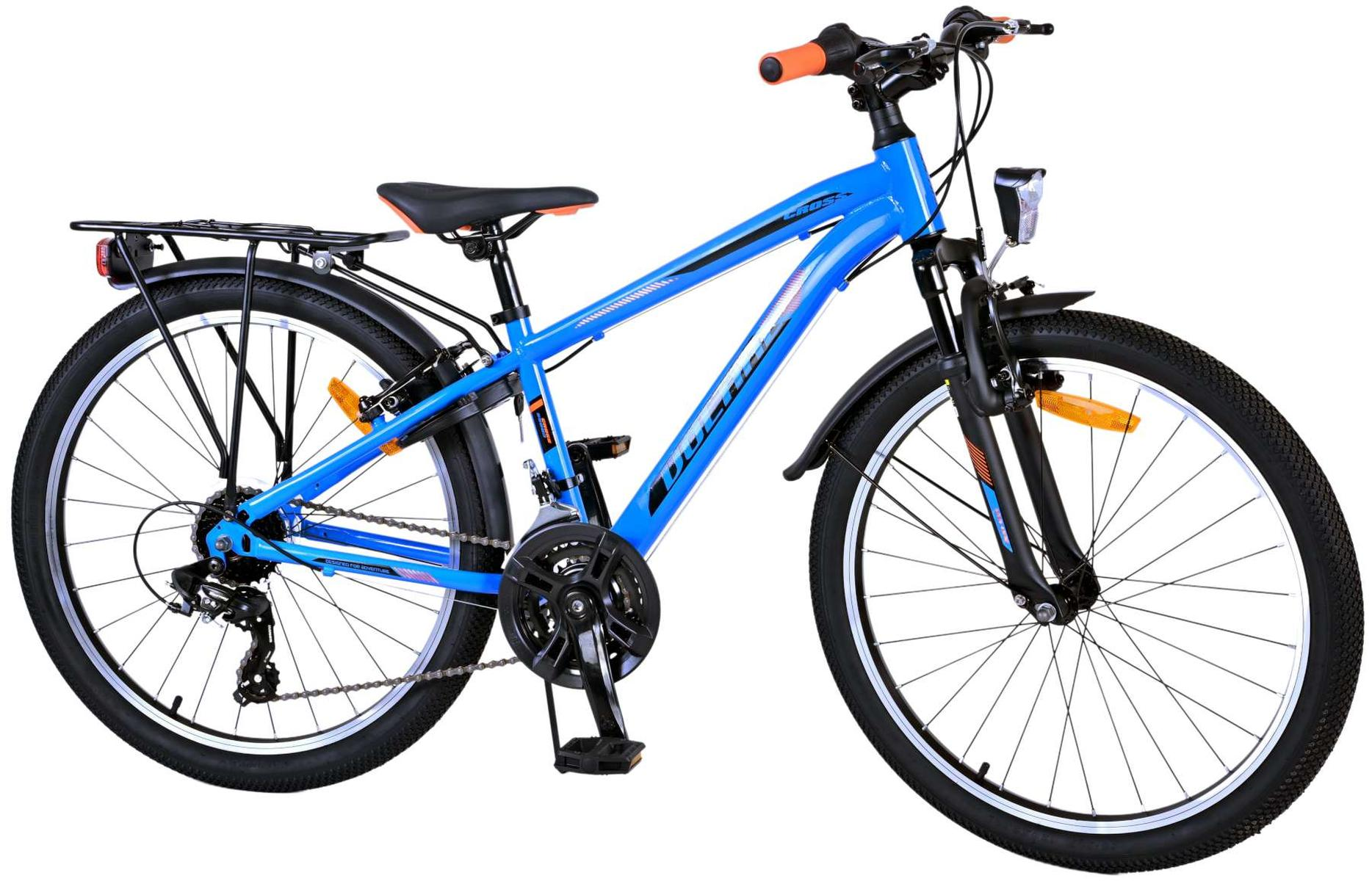 Blaues Fahrrad mit schwarzen Reifen und Gepäckträger. Orangefarbene Akzente.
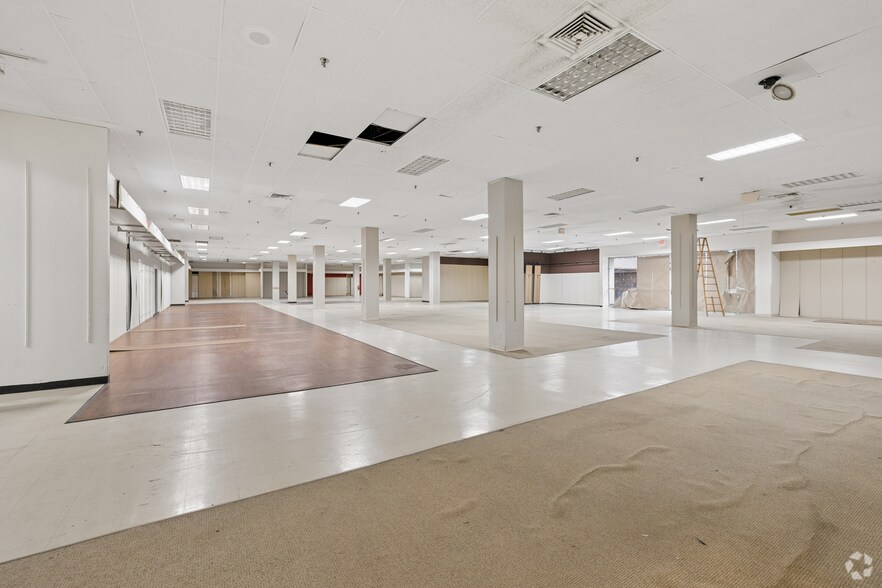 More Photos Of 4600 S Medford Dr, Lufkin General Retail For Sale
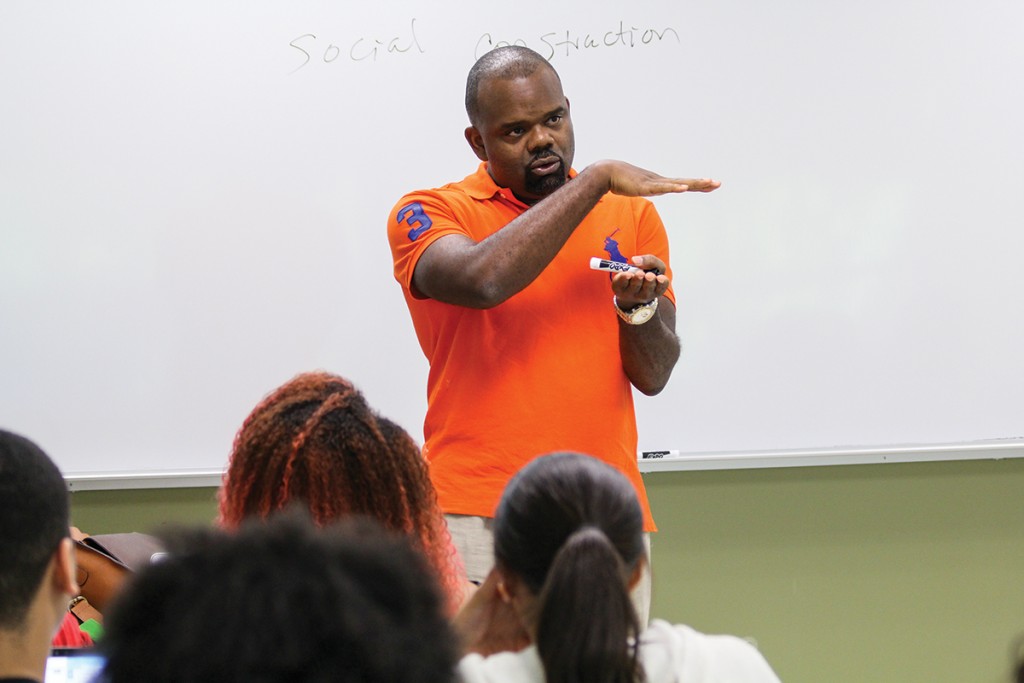 Director of Africana studies David Ikard talks to his BlackLivesMatter class (AAS 290) about the Black Lives Matter movement and its historical antecedents. Erum Kidwai // Staff Photographer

_WHAT IS NEEDED_
Extract, word for word, each line from the top of the data down to and including the line with "More Photos Of"; skip the pictures.

_RESULT_
 Blaues Fahrrad mit schwarzen Reifen und Gepäckträger. Orangefarbene Akzente.
 More Photos Of 4600 S Medford Dr, Lufkin General Retail For Sale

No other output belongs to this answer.